EXERCISE INPUTS:
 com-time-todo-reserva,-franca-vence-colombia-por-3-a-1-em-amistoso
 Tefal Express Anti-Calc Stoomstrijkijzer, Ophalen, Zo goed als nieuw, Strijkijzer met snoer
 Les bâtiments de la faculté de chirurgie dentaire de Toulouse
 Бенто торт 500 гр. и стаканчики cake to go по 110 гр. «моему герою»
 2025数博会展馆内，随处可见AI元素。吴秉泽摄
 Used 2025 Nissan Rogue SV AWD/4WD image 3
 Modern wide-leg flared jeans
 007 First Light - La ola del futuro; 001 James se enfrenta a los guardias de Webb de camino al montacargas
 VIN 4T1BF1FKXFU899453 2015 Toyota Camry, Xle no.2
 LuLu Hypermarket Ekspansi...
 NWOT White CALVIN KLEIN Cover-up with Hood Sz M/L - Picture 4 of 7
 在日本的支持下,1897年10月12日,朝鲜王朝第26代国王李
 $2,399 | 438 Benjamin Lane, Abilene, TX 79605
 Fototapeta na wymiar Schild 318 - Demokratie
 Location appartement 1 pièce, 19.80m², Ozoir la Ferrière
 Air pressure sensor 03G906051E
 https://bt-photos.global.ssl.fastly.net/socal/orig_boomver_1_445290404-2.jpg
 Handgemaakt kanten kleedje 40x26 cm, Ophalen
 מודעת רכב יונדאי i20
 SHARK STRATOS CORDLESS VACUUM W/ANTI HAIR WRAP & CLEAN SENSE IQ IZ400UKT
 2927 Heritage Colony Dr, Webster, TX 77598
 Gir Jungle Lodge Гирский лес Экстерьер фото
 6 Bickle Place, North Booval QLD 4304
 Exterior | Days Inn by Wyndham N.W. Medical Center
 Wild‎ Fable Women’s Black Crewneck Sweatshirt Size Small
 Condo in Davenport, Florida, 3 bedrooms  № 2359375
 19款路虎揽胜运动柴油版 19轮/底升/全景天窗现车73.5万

EXERCISE GOAL: Write out all the material exactly, keeping each word.

TASK RESPONSE:
 com-time-todo-reserva,-franca-vence-colombia-por-3-a-1-em-amistoso
 Tefal Express Anti-Calc Stoomstrijkijzer, Ophalen, Zo goed als nieuw, Strijkijzer met snoer
 Les bâtiments de la faculté de chirurgie dentaire de Toulouse
 Бенто торт 500 гр. и стаканчики cake to go по 110 гр. «моему герою»
 2025数博会展馆内，随处可见AI元素。吴秉泽摄
 Used 2025 Nissan Rogue SV AWD/4WD image 3
 Modern wide-leg flared jeans
 007 First Light - La ola del futuro; 001 James se enfrenta a los guardias de Webb de camino al montacargas
 VIN 4T1BF1FKXFU899453 2015 Toyota Camry, Xle no.2
 LuLu Hypermarket Ekspansi...
 NWOT White CALVIN KLEIN Cover-up with Hood Sz M/L - Picture 4 of 7
 在日本的支持下,1897年10月12日,朝鲜王朝第26代国王李
 $2,399 | 438 Benjamin Lane, Abilene, TX 79605
 Fototapeta na wymiar Schild 318 - Demokratie
 Location appartement 1 pièce, 19.80m², Ozoir la Ferrière
 Air pressure sensor 03G906051E
 https://bt-photos.global.ssl.fastly.net/socal/orig_boomver_1_445290404-2.jpg
 Handgemaakt kanten kleedje 40x26 cm, Ophalen
 מודעת רכב יונדאי i20
 SHARK STRATOS CORDLESS VACUUM W/ANTI HAIR WRAP & CLEAN SENSE IQ IZ400UKT
 2927 Heritage Colony Dr, Webster, TX 77598
 Gir Jungle Lodge Гирский лес Экстерьер фото
 6 Bickle Place, North Booval QLD 4304
 Exterior | Days Inn by Wyndham N.W. Medical Center
 Wild‎ Fable Women’s Black Crewneck Sweatshirt Size Small
 Condo in Davenport, Florida, 3 bedrooms  № 2359375
 19款路虎揽胜运动柴油版 19轮/底升/全景天窗现车73.5万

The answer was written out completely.